IN MEMORY OF GINGER
Remembering a modest air ace who helped to save the country he loved
I SHALL think of Jim today, and of the stories he told about fighting the desperate battle in the skies 75 summers ago.
It is Battle of Britain Day, and James “Ginger” Lacey, the Yorkshireman who was one of the RAF’s greatest fighter aces, was right in the thick of it.
The vapour trails he and the other young pilots left in the sky were signposts to this country’s survival and freedom. Today, we should remember them and give thanks.
I came to know Jim towards the end of his life, when the red hair that had bestowed on him a nickname straight out of a Biggles adventure story had mostly vanished.
Over a pint or two, and with a little coaxing, he would talk about what had happened, always falling quiet first, smoking his pipe and gazing into the middle distance as if looking back at that summer and early autumn when he was only 23.
And then he would begin speaking, and the matter-of-factness of his tone as he told stories of the Battle of Britain that raised the hairs on the back of my neck only made his remembrances more remarkable.
The Wetherby boy came to manhood as a sergeant pilot battling for his country and his life. Jim was one of the few RAF pilots on operational duties on both the first day of the Second World War and its last.
He had fought in the skies over France as the British Expeditionary Force was driven back to Dunkirk, but the greatest battle was yet to come.
Jim’s face would light up with a wry grin that made it suddenly boyish again as he recalled how close he came to death.
Over France and Britain, he was shot down or forced to land because of combat damage nine times. There was nothing remotely boastful about him, though he had plenty to boast about.
On September 13 1940, he engaged Luftwaffe raiders over London, and shot down one of the aircraft that had just bombed Buckingham Palace.
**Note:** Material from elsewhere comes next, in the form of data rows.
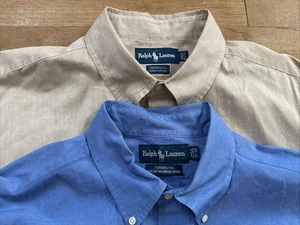 Ralph Lauren Yarmouth Shirt Button Down LS Men’s Pair Size 17.5/35 Blue Brown - Picture 1 of 13
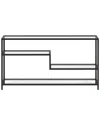 Abraham + Ivy Mathis 55 Wide Rectangular Console Table With Glass Top In Black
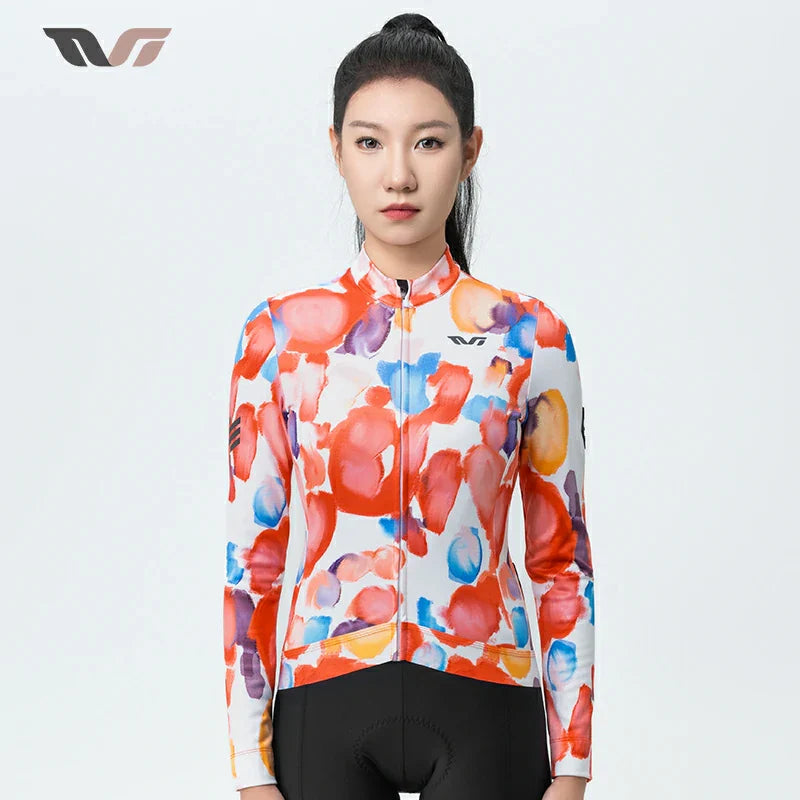 Women’s Long Sleeve Thermal Cycling Jersey – Fleece Lined for Cool Weather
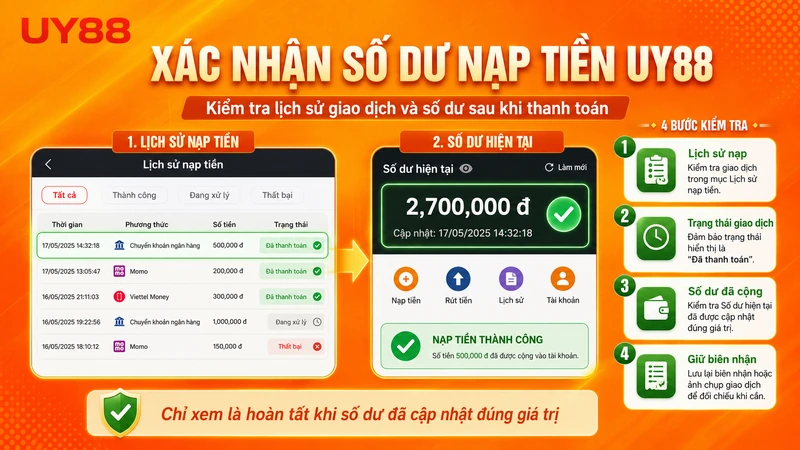 Cách kiểm tra số dư sau khi nạp tiền UY88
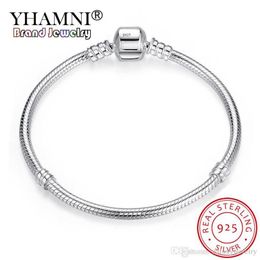 YHAMNI 100% 925 Sterling Silver Bracelet Jewellery DIY Bracelets Accessories 3mm Fashion Silver Chain Bracelet Jewellery Gift SB005288U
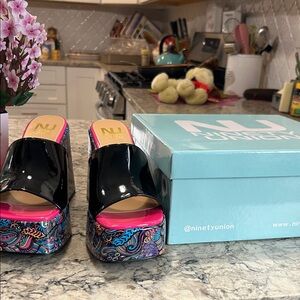 Nina Black and Pink Patterned Mules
Jim paid a price, and had to bail out of his fighter, unable to find his airfield in worsening light. But two days later, on what became Battle of Britain Day in commemoration of one of the most ferocious days of fighting that lasted from dawn to dusk, he was back, shooting down a bomber and three fighters.
Jim would pause, puff on his pipe in silence for a minute or two, then grin again and note that the Germans got their own back on the 17th when they shot him down.
He ended the battle as the RAF’s secondhighest scoring ace, with 28 enemy aircraft destroyed, five more probable kills and nine damaged.
Jim was a career RAF officer, serving until his retirement in 1967. When I got to know him he was still flying, from an aerodrome near Bridlington, teaching pupils eager to share a cockpit with one of The Few.
They are very few now. Jim died in 1989, aged 72, and since then time has accomplished what the Luftwaffe never could, thinning the ranks of the men who saved our country from invasion until just a handful remain.
That’s all the more reason to remember them today. I know how lucky I was to be able to sit with Jim and listen, captivated, and to meet his steady gaze as he spoke about the realities of the Battle of Britain and the loss of friends.
His voice is still to be heard in an archived BBC radio interview from 1978, and it captures Jim’s spirit, but what it cannot convey is the core of steely determination that radiated from his presence, nor his modesty over what he did.
Jim’s Distinguished Flying Medal and bar, plus the French Croix de Guerre, spoke of his bravery, which if raised, he would simply smile away.
Inevitably, once all the men like Jim are gone, something will be lost of our understanding of the Battle of Britain. The characters of the men who fought it and safeguarded the nation from falling into the horrors that befell occupied Europe were vital components of their victory in the air.
The tone of Jim’s voice and the look in his eyes conveyed much, and in conversation it was possible to glimpse that long-ago 23-year-old scrambling from his airfield on the outskirts of London and heading skywards, not knowing if he would return.
There is a plaque in his memory in Bridlington’s Priory Church, and whenever I visit the town around this time of year, I spend a few moments paying my respects.
But we all can pay our respects to Jim and the rest of those young men today simply by looking around us at a free country in which we can do or say pretty much what we like, and never forgetting that they made it so.
Once all the men like Jim are gone, something will be lost of our understanding of the Battle of Britain. The characters of the men who fought it were vital components of their victory in the air.